Perasaan stres dan cemas terkait dengan penyakit kardiovaskular melalu mekanisme biologis utama yang disebut disregulasi aksis hipotalamus hipofisis adrenal atau hypothalamus pituitary adrenal (HPA). Aksis HPA adalah cara utama tubuh merespons stres dan mengakibatkan pelepasan kortisol, yang dikenal sebagai hormon stres di dalam tubuh.
"Kondisi disregulasi aksis HPA ditandai dengan kadar produksi kortisol yang berlebihan, yang sebelumnya telah dikaitkan dengan risiko penyakit jantung dan kematian yang lebih tinggi," jelas para peneliti.
"Disregulasi aksis HPA juga diketahui berkontribusi terhadap hipertensi, resistensi insulin, dan disfungsi imun. Tim peneliti bertujuan untuk meneliti apakah diregulasi aksis HPA lebih besar pada hari Senin dibandingkan hari-hari lainnya, dan apakah hubungan ini lebih besar antara orang dewasa yang bekerja dan yang tidak bekerja", tulis mereka.

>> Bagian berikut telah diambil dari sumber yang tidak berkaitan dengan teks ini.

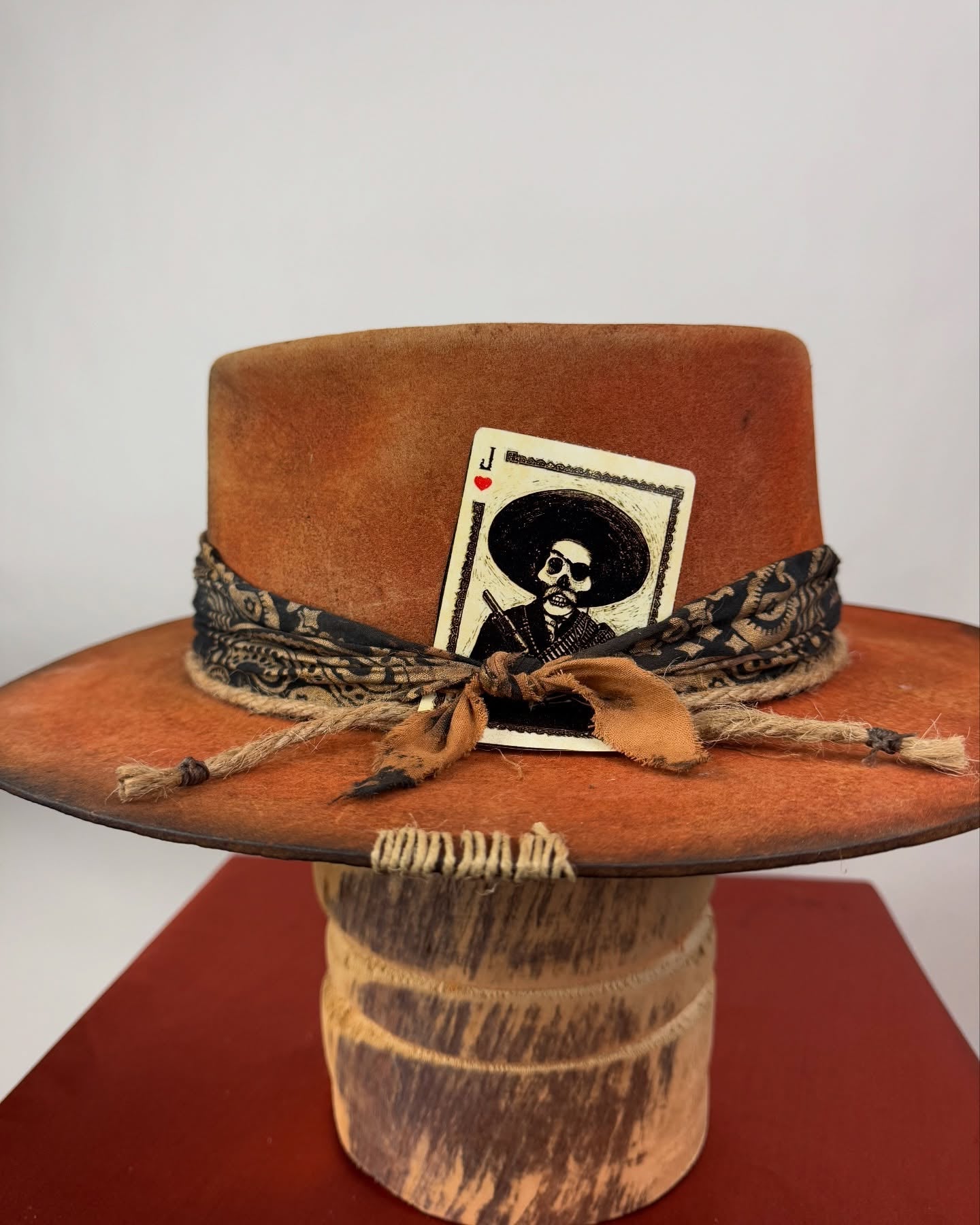 Brown Cowboy Hat With Playing Card Accent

Para ahli juga menilai data lebih dari 3.500 lansia yang berpartisipasi dalam Studi Longitudinal Inggris tentang Penuaan, termasuk sampel rambut yang menunjukkan kadar kortisol dalam tubuh partisipan.
Orang yang melaporkan merasa lebih cemas pada hari Senin memiliki kadar kortisol 23 persen lebih tinggi dalam sampel rambut mereka, dibandingkan mereka yang merasa cemas pada hari-hari lainnya.
Hal ini juga terlihat di kalangan pensiunan, yang menantang asumsi bahwa stres di tempat kerja saja yang menyebabkan kondisi ini.
"Studi ini menemukan bukti kuat adanya hubungan antara pelaporan kecemasan pada hari Senin dan disregulasi aksis HPA," terang para ahli.
"Hubungan antara kecemasan pada hari Senin dengan disregulasi aksis HPA yang diukur selanjutnya terbukti pada lansia yang bekerja dan tidak bekerja, tanpa penurunan hubungan pada mereka yang tidak bekerja," sambungnya.
Terkait dengan tuntutan pekerjaan
Temuan ini juga menunjukkan adanya pola sosial, yang artinya bukan hanya karena tuntutan pekerjaan, yang melekat dalam fisiologi manusia dengan risiko kesehatan yang berkelanjutan.
Studi sebelumnya telah menunjukkan kadar hormon stres yang lebih tinggi pada orang-orang di hari kerja dibandingkan akhir pekan. Tetapi, penelitian terbaru ini adalah yang pertama kali menunjukkan bahwa hari Senin memiliki tingkat gangguan yang unik.
Para peneliti berharap mengatasi stresor khusus hari Senin dapat membuka jalan bagi strategi baru untuk memerangi penyakit jantung. Mereka menyarankan rumah sakit dan klinik perlu merencanakan peningkatan kejadian penyakit kardiovaskular pada hari Senin.
"Kebanyakan orang harus beradaptasi dengan perasaan cemas mereka di hari Senin selama masa kerja mereka," terang para ahli.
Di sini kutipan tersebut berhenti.